There are many reasons but this is what I ran into:
The query was simple as follows:
select top 1 stopid from busstops where code = cast('836' as int)
Relevant portions of the table schema is as follows:
CREATE TABLE [dbo].[BusStops]( [ID] [int] IDENTITY(1,1) NOT NULL, [StopID] [varchar](20) NULL, [Code] [varchar](20) NULL, [Name] [varchar](100) NULL, [Summary] [varchar](200) NULL, [Lat] [float] NULL, [Lon] [float] NULL, [the_geom] [geography] NULL, CONSTRAINT [PK_BusStops] PRIMARY KEY CLUSTERED ( [ID] ASC ))
When the specified query was executed, SQL Server returned the following response:
Msg 245, Level 16, State 1, Line 1
Conversion failed when converting the varchar value 'xxxx' to data type int.
However, if an equivalent query was executed
select top 1 stopid from busstops where code = cast('8789' as int)
this returned the correct result. What is going on here? Are my eyes planning tricks on me?
Apparently, there is a bad value in the code column of the busstops table that is not evaluating to an integer. But is the value entry literally ‘xxxx’ or is this some SQL Server error code? To answer this question, I ran the following query:
select code from busstops where isnumeric(code) = 0
and sure enough, there were a bunch of NULLs and several entries with literal values of ‘xxxx’ as shown below:
There you go, bad data causing the problem. Presented with a string of ‘xxxx’, SQL Server was unable to convert it to an int, hence the error.
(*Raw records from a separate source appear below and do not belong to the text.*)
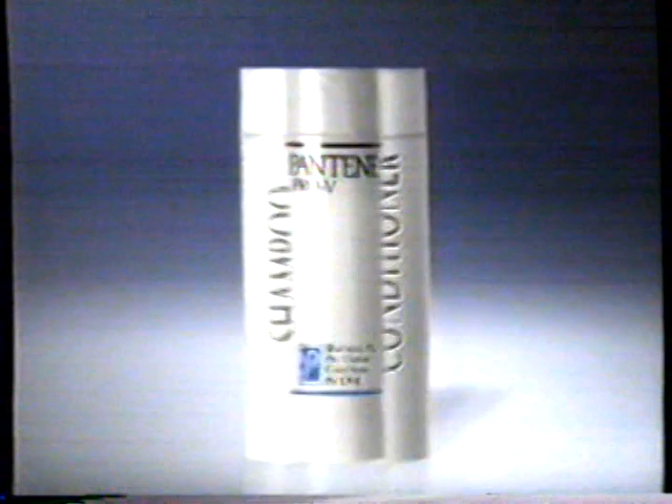Wouldn't you love hair this healthy and shiny? Mine wasn't always so healthy. Then I found Pantene's new Pro-V. Pro-V is the combined shampoo and conditioner with Pantene's Pro-Vitamin formula.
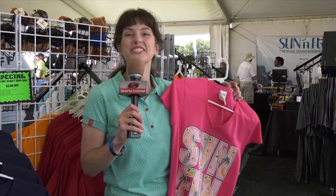Be sure to stop by one of the many souvenir outlets to pick up all of your Sun and Fun souvenirs — hats, t-shirts, and toys.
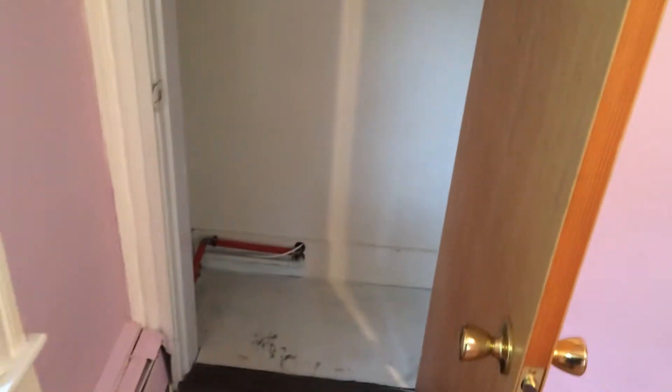And right behind me here we have the closet. Smaller than the first, but shelf and rack, 3 foot — plenty of space.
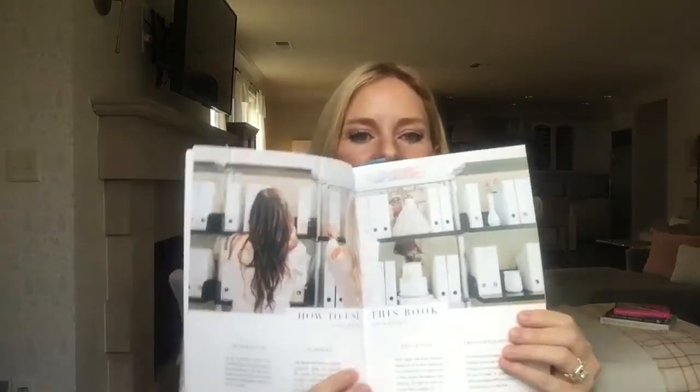When you get your book, I'm going to pull something out here. We have a little section called 'How to Use This Book,' and there are four descriptions. You use this book for inspiration, for planning, for education, and encouragement.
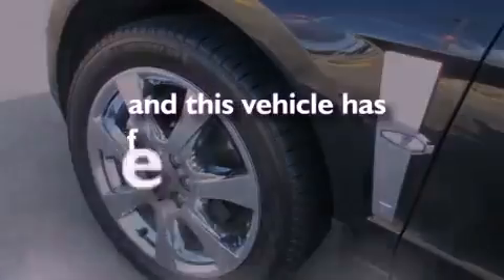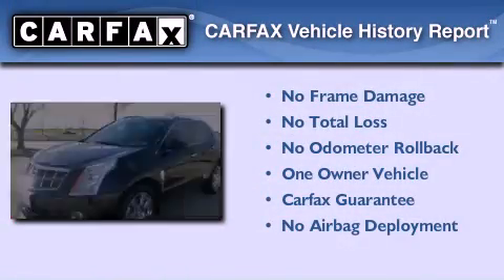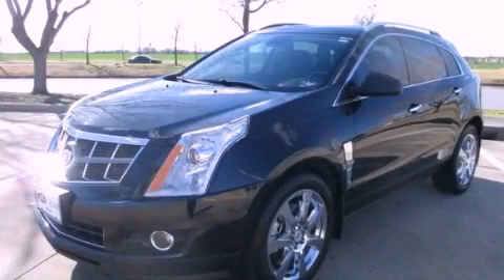This vehicle has fewer than 32,000 miles on the odometer. This Cadillac has had only one owner and it qualifies for the Carfax buy-back guarantee. This vehicle won't last long at this price — call and arrange a test drive now.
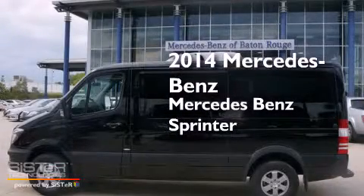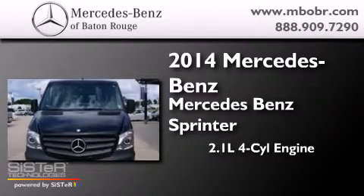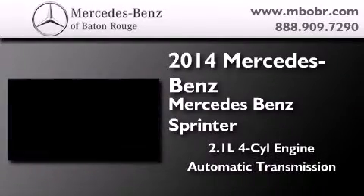This is a brand new 2014 Mercedes-Benz Sprinter. It features a 2.1-liter four-cylinder engine and an automatic transmission.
Just out of curiosity, I also wanted to know why the first query failed with code of 836 while second query with code of 8789 work?
When you select a top N, SQL Server will stop evaluating the query as soon as it has accumulated N records that meet this criteria. There is a possibility, therefore, that the entire table will not be scanned or seeked, if we are dealing with indexed rows. The theory I formulated was the row with code = 8789 definitely appears before any rows with code = xxxx. To validate this hypothesis, I ran this query:
select id, code from busstops where code in ('8789', '836', 'xxxx')
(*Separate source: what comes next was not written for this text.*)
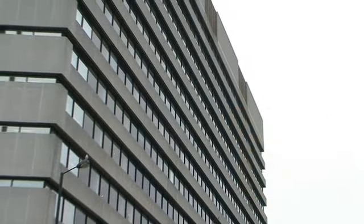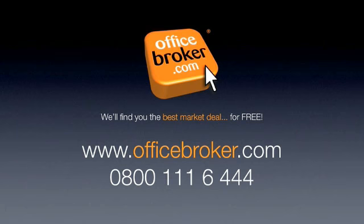Officebroker.com can help your business get the best deal on an office within this building on Hammersmith Grove. For more information, call us free on 0800 111 6444.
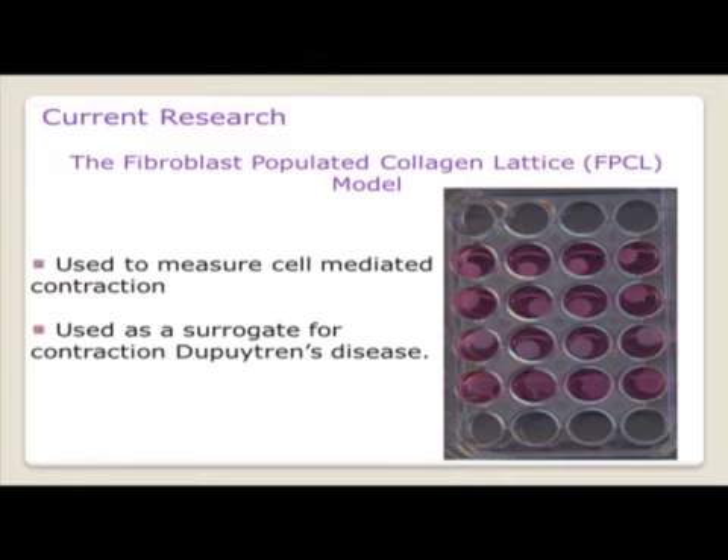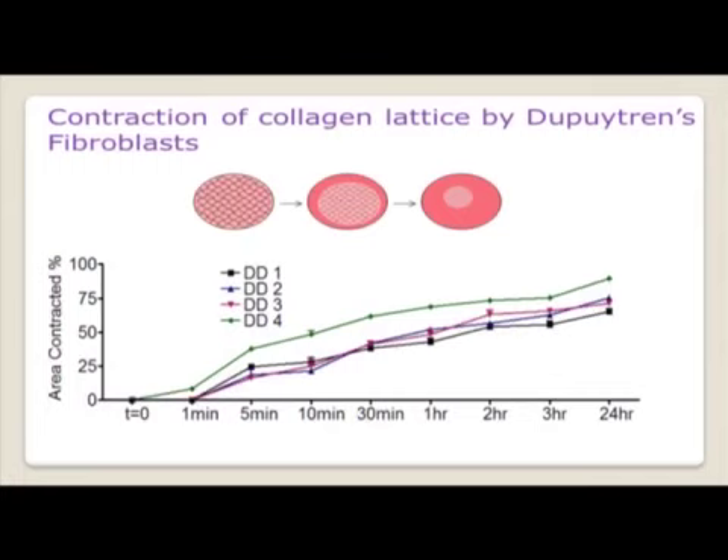For my current research, I'm looking at fibroblast populated collagen lattices, or FPCLs, used to measure cell-mediated contraction as a surrogate for contraction in Dupuytren's disease. We seed Dupuytren's nodular fibroblasts into collagen type 1 gel, allow the fibroblasts to develop tension, then release them and the gels contract. I have four Dupuytren's primary cell lines all contracting over time, with a schematic of gels under tension then contracting, and the kinetics of all these are very similar.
and the result was as follows;
select id, code from busstops where code in (‘8789’, ‘836’, ‘xxxx’)
thus validating the hypothesis. To get to the row containing code = 836, SQL Server has to evaluate the rows containing code = xxxx and it trips here.
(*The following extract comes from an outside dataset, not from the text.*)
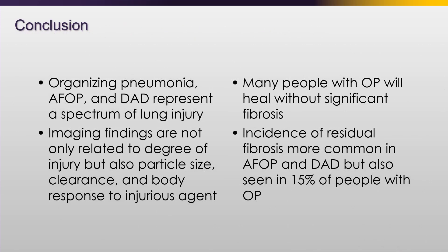In conclusion, organizing pneumonia, AFOP, and DAD represent a spectrum of lung injury. The injury findings are not only related to the degree of injury, but also particle size, clearance, and the body's response. Many people with organizing pneumonia will heal without significant fibrosis, but fibrosis is common with these lung injuries and it's not surprising to see them in various patterns as discussed. Thank you.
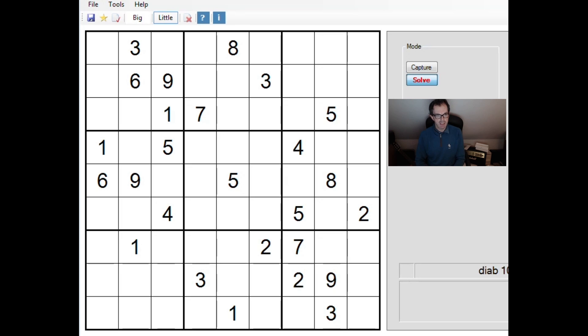Hello and welcome back to Cracking the Cryptic. Happy New Year to you all. I'm going to take a look at this puzzle which was the diabolical-rated puzzle from last Friday's Daily Telegraph. We do a lot of these because they are very challenging as a rule. This is the current one — I've done a few recently that were viewer-requested, but this one's current.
I then did a search in the original text file for ‘xxxx’ and sure enough, there were a couple of lines containing this string literal such as :
WH367,xxxx,”RICHARDSON / ALL SAINTS H.S.”,,latitide,longitude,,,0
which is the root cause. To fix this, I correct the data file, re-imported by data into SQL Server and was back to business. However, to make this query more robust and to be able to withstand further discrepancies in the data, further considering this field is of type varchar, I decided to change the query to
select top 1 stopid from busstops where code = '836'